Most interestingly, the patients who had 48 months or longer metastatic survival in our cohort showed unique clinicopathological features (Table IV). According to our analysis, there may be a few TNBC patients who show an indolent clinical course. Characteristic features of the patients showed high grade invasive ductal carcinoma at initial diagnosis. Most of them seemed to be responsive to adjuvant chemotherapy. However, their distant metastases developed independent of TNM tumor stages and metastatic sites usually limited to distant lymph nodes, bone, and lung. Their responses to palliative chemotherapy did not appear to be superior to those of other TNBCs, PFSs were relatively longer than other TNBC patients. Importantly, these sub- populations of TNBC patients would be strongly associated with increased FOXP3 Treg functions. Even though these findings were merely immature observations, it could be one plausible explanation for heterogeneity of TNBCs. It implies FOXP3 could be one of provocative biomarker in TNBCs. Although most of the studies for TNBC are mainly focused on BRCA1-deficient tumors, a recent study by comprehensive gene expression analysis showed TNBC could be divided into six subtypes [32]. According to the study, BRCA-associated subtype is limited to 47% of all TNBC patients. In essence, there is immune modulatory subtype among several subtypes of TNBCs, in which immune signature is enriched for gene ontologies in immune cell process. Furthermore, the subtype overlaps with a gene signature for medullary breast cancer which is associated with a favorable prognosis despite its high-grade histology. In this regard, our study has significant implication for TNBC as described. Considering FOXP3 expression has favorable prognostication for TNBC in our study, FOXP3 may a candidate biomarker for immune modulatory subtype of TNBC.

In the clinical context, it is important to note that FOXP3 expression served to discriminate the prognostic risk of patients with TNBC, since OS of TNBC/≥ 15 FOXP3-positive patients was significantly better than that of TNBC/< 15 FOXP3-positive patients.
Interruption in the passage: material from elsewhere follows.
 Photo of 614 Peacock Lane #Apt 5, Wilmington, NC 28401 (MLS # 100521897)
These findings might aid in the identification of subgroups of patients who are more likely to have a good outcome and to whom specific therapies might be directed. It may offer a novel therapeutic target for these patients, who are not candidates for hormonal therapy or trastuzumab treatment.

Our study has several limitations, in which retrospective study usually have. First, the study population may have selection bias. In addition, heterogeneity of the treatment could affect the outcomes, which was not considered in this study. However, despite these main drawbacks, our study showed the possibility of Tregs as a biomarker for TNBC.
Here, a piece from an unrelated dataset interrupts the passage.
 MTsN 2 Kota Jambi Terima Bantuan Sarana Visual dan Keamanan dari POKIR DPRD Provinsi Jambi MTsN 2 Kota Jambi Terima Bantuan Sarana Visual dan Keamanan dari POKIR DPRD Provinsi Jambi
In conclusion, the present study is the first report on the prognostic significance of ≥ 15 FOXP3- positive and < 15 FOXP3-positive Tregs in TNBC. Although further studies are required before changes in clinical practice can be recommended, the present results suggest that assessment of ≥ 15 FOXP3-positive Tregs and < 15 FOXP3-positive Tregs in combination with other risk factors could improve the prognostic stratification of TNBC. Treg monitoring and manipulation in cancer patients has emerged as a promising new treatment option [33].

Declaration of interest: This study was presented at the 2011 ASCO Annual Meeting as a poster presentation at June 6th 2011, Chicago, Illinois, USA. The authors report no conflicts of interest. The authors alone are responsible for the content and writing of the paper.